Comment couvrir le système de protection de l'enfance avec profondeur et soin
Sur cette photo du 29 janvier 2016, un garçon monte les escaliers de la maison de sa grand-mère, dans le sud de Chicago. Dans tout le pays, 2,7 millions de grands-parents élèvent des petits-enfants. Environ un cinquième d'entre eux ont des revenus inférieurs au seuil de pauvreté, selon les chiffres du recensement. De plus en plus de grands-parents assument le rôle de parents auprès de leurs petits-enfants, alors que les agences de services sociaux tentent de placer les enfants en famille d'accueil dans ce qu'on appelle des familles de parenté. (Photo AP/Charles Rex Arbogast)Le système de protection de l’enfance est sans doute l’un des systèmes les plus difficiles à gérer.

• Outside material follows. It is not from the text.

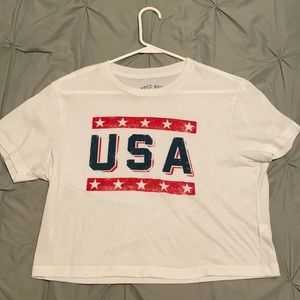 Aeropostale Cropped USA Tee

Les agences qui composent le système assument une énorme responsabilité pour assurer la sécurité des enfants. Mais ils punissent souvent les familles en difficulté en retirant leurs enfants plutôt que de leur fournir des services pour les soutenir. Et même si certains enfants peuvent bénéficier du fait d’être placés sous la garde d’un État, beaucoup d’autres sont confrontés à des mauvais traitements au sein d’un système qui a effets durables sur l'éducation, la santé mentale et plus encore.
Pour les journalistes, il est difficile de couvrir un système aussi complexe et opaque que celui de la protection de l’enfance. J’ai passé les six derniers mois à suivre la formation de Poynter à ce sujet. Voici les éléments à garder à l’esprit lorsque vous recherchez votre propre agence locale de protection de l’enfance.
Est-ce de la négligence envers les enfants ou de la pauvreté ?
Les signalements de négligence aux agences de protection de l'enfance sont souvent plus nombreux que les allégations d'abus. De juillet 2024 à 2025, en Alaska, 68 à 77 % des enfants ont été sélectionnés dans le système pour allégations de négligence. Même si ces enfants peuvent également être victimes de maltraitance, ces chiffres sont généralement beaucoup plus faibles.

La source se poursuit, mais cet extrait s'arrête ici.